Wilson so far forgot his pose that he looked up in a startled sort of way and began to study Miller's smoke-wrapped profile.
“You say they are not—have not been counting on my company to—to buy their land?”
“Why, no,” said Miller, in accents well resembling those of slow and genuine surprise. “Why, you have not shown the slightest interest in the matter since the day you made the loan, and naturally they ceased to think you wanted the land. The only reason I called was that the note is payable to-day, and—”

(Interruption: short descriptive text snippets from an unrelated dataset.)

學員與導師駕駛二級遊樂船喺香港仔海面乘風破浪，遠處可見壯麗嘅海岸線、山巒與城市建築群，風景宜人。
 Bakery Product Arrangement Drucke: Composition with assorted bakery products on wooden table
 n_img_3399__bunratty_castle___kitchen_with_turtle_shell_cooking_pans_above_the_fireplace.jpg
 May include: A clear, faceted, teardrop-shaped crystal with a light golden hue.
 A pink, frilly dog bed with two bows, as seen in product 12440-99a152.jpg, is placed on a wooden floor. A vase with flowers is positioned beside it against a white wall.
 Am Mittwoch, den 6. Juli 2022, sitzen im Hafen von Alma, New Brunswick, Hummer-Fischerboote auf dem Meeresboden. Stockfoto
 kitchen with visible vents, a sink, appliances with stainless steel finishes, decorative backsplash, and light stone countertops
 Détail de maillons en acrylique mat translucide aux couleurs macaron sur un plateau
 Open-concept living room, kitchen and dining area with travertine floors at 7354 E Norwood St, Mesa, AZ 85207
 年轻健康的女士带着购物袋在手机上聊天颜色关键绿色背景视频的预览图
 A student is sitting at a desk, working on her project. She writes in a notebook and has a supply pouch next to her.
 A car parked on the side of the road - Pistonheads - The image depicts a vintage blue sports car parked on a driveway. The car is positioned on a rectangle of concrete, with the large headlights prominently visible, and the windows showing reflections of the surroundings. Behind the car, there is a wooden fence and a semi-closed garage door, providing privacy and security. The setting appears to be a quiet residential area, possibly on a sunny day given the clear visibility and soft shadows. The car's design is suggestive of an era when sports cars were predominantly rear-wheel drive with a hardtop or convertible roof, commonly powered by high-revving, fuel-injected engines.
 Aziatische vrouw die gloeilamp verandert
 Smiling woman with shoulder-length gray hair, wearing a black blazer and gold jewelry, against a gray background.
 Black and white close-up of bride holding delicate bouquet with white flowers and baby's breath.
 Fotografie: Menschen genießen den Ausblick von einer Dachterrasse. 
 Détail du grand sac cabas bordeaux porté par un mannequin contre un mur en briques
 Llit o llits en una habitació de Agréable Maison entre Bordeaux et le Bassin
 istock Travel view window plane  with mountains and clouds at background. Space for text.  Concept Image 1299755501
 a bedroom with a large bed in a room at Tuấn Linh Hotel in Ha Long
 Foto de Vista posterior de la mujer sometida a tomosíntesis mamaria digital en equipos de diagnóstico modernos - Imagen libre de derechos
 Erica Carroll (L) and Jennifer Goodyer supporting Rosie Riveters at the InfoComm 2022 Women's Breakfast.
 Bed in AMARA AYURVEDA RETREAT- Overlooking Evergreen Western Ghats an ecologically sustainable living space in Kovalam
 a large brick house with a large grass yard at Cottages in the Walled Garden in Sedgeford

“Oh yes, by Jove! that was careless of me. The interest is due. I knew it would be all right, and I had no idea you would bother to run down for that. Why, my boy, we could have drawn for it, you know.”
Miller smiled inwardly, as he looked calmly and fixedly through his smoke into the unsuspecting visage upturned to him.
“But the note itself is payable to-day,” he said, closely on the alert for a facial collapse; “and, while you or I might take up a paper for twenty-five thousand dollars through a bank, old-fashioned people like Mr. and Mrs. Bishop would feel safer to have it done by an agent. That's why I came.”
Miller, in silent satisfaction, saw the face of his antagonist fall to pieces like an artificial flower suddenly shattered.
“Pay the note?” gasped Wilson. “Why—”
Miller puffed at his cigar and gazed at his victim as if slightly surprised over the assumption that his clients had not, all along, intended to avail themselves of that condition in their contract.
“You mean that the Bishops are ready to—” Wilson began again on another breath—“to pay us the twenty-five thousand dollars?”